============================
Linear Discriminant Analysis
============================

Background
----------

Linear Discriminant Analysis (LDA) is a basic classification method
from parametric statistics. It is based on a maximum a posteriori
estimate of the class membership under the assumption that the class
conditional densities are multi-variate Gaussians having different
means but a common covariance matrix. Despite its simplicity, LDA
gives surprisingly good results in practice, of course crucially
depending on the representation of the input patterns and the
underlying distribution.
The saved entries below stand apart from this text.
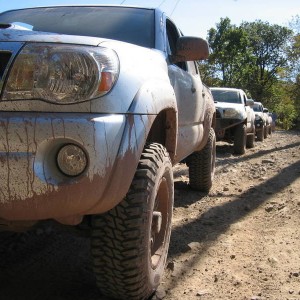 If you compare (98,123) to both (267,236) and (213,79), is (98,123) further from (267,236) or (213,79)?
(213,79)

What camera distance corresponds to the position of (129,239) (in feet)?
7.20

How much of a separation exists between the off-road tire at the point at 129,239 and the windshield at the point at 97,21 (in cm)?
126

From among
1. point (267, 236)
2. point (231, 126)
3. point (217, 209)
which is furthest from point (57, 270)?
point (231, 126)

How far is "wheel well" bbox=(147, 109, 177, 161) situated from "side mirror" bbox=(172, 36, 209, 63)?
71cm

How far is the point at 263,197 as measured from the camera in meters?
5.48

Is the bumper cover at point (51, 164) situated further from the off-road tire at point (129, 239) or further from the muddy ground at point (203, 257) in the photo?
the muddy ground at point (203, 257)

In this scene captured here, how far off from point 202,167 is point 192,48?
83.9 inches

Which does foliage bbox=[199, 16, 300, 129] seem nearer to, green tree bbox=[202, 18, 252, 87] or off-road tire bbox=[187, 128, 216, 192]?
green tree bbox=[202, 18, 252, 87]

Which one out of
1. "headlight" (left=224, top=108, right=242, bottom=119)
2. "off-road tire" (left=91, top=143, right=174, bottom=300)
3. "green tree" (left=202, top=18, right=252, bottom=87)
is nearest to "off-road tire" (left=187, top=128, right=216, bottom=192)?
"off-road tire" (left=91, top=143, right=174, bottom=300)

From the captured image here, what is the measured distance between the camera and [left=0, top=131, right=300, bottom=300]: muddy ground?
109 inches

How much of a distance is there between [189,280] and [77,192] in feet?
4.46

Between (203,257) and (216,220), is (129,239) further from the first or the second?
(216,220)

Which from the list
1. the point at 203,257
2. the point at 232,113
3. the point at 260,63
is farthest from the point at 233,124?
the point at 260,63

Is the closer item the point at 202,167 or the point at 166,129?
the point at 166,129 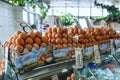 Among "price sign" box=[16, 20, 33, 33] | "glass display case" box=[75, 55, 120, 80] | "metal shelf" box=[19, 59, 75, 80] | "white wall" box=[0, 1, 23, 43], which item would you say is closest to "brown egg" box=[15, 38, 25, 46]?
"metal shelf" box=[19, 59, 75, 80]

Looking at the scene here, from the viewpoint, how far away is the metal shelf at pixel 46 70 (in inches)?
59.6

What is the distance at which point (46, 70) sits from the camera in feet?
5.38

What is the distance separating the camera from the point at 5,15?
4.88 meters

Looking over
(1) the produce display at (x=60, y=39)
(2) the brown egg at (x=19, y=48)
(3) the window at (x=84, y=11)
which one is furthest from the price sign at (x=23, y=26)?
(3) the window at (x=84, y=11)

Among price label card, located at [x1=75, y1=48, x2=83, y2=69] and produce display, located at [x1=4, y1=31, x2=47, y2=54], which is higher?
produce display, located at [x1=4, y1=31, x2=47, y2=54]

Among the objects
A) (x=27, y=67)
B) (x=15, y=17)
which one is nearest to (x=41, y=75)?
(x=27, y=67)

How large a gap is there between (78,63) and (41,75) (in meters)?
0.38

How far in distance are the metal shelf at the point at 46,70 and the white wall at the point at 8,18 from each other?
247cm

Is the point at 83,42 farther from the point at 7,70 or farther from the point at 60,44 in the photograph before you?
the point at 7,70

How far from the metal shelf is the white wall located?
2473 millimetres

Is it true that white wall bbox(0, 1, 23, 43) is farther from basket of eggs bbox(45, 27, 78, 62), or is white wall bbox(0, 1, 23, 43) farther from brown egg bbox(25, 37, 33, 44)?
brown egg bbox(25, 37, 33, 44)

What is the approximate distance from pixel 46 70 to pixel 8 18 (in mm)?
3619

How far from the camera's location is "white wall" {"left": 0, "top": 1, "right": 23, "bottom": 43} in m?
4.56

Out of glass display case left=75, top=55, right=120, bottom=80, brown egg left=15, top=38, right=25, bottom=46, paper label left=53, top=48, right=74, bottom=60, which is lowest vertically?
glass display case left=75, top=55, right=120, bottom=80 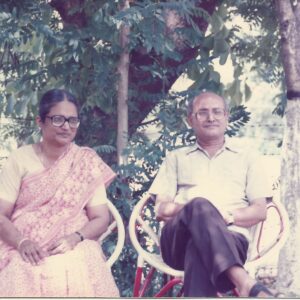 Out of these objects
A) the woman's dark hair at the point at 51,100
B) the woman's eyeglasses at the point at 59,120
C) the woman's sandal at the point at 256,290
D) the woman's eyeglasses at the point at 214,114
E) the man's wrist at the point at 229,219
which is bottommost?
the woman's sandal at the point at 256,290

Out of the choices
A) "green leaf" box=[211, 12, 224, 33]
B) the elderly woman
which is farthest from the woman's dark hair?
"green leaf" box=[211, 12, 224, 33]

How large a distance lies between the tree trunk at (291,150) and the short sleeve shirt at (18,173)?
126cm

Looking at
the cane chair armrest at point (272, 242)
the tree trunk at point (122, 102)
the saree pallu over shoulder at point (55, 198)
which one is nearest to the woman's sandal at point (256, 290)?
the cane chair armrest at point (272, 242)

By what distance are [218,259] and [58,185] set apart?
0.87 m

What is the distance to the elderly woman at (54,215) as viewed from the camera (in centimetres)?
308

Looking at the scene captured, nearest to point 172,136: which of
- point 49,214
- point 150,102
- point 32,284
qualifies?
point 150,102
Details can be found, for instance, in
[HastieTibshiraniFriedman2008]_.


Linear Discriminant Analysis in Shark
----------------------------------------

We assume that a data file in csv format is provided as a command line argument.
As a first step, we inspect and split the data as described in the
:doc:`nearestNeighbor` tutorial: ::


	int main(int argc, char **argv) {
		if(argc < 2) {
			cerr << "usage: " << argv[0] << " (filename)" << endl;
			exit(EXIT_FAILURE);
		}
		// read data
		ClassificationDataset data;
		try {
			importCSV(data, argv[1], LAST_COLUMN, ' ');
		} 
		catch (...) {
			cerr << "unable to read data from file " <<  argv[1] << endl;
			exit(EXIT_FAILURE);
		}
	
		cout << "overall number of data points: " << data.numberOfElements() << " "
		     << "number of classes: " << numberOfClasses(data) << " "
		     << "input dimension: " << inputDimension(data) << endl;
	
		// split data into training and test set
		ClassificationDataset dataTest = splitAtElement(data, .5 * data.numberOfElements() );
		cout << "training data points: " << data.numberOfElements() << endl;
		cout << "test data points: " << dataTest.numberOfElements() << endl;
	




Model and learning algorithm
^^^^^^^^^^^^^^^^^^^^^^^^^^^^

We include the :doxy:`LDA` class ::


	#include <shark/Algorithms/Trainers/LDA.h>
	

and define the LDA trainer :: 


		LDA ldaTrainer;
	

and the linear classifier to be trained by the LDA trainer: ::


		LinearClassifier<> lda;
	

The model is trained by calling: ::


		ldaTrainer.train(lda, data);
	

Evaluating the model
^^^^^^^^^^^^^^^^^^^^

After training the model, we can evaluate it.  As a performance
measure, we consider the standard 0-1 loss.  The corresponding risk is
the probability of error, the empirical risk is the average
classification error.  When measured on set of sample patterns, it
simply computes the fraction of wrong predictions.
We define the loss for ``unsigned integer`` labels and
create a new data container for the predictions of our model: ::


		Data<unsigned int> prediction;
		ZeroOneLoss<unsigned int> loss;
	
	
Let's apply the classifier to the training and the test data: ::


		prediction = lda(data.inputs());
		cout << "LDA on training set accuracy: " << 1. - loss(data.labels(), prediction) << endl;
		prediction = lda(dataTest.inputs());
		cout << "LDA on test set accuracy:     " << 1. - loss(dataTest.labels(), prediction) << endl;
	

Of course, the accuracy is given by one minus the error.
In this example, the (parametric) LDA performs worse than the
(non-parametric) nearest neighbor classifier, but still much better
than random guessing.


Full example program
--------------------

The full example program is 
:doxy:`LDATutorial.cpp`.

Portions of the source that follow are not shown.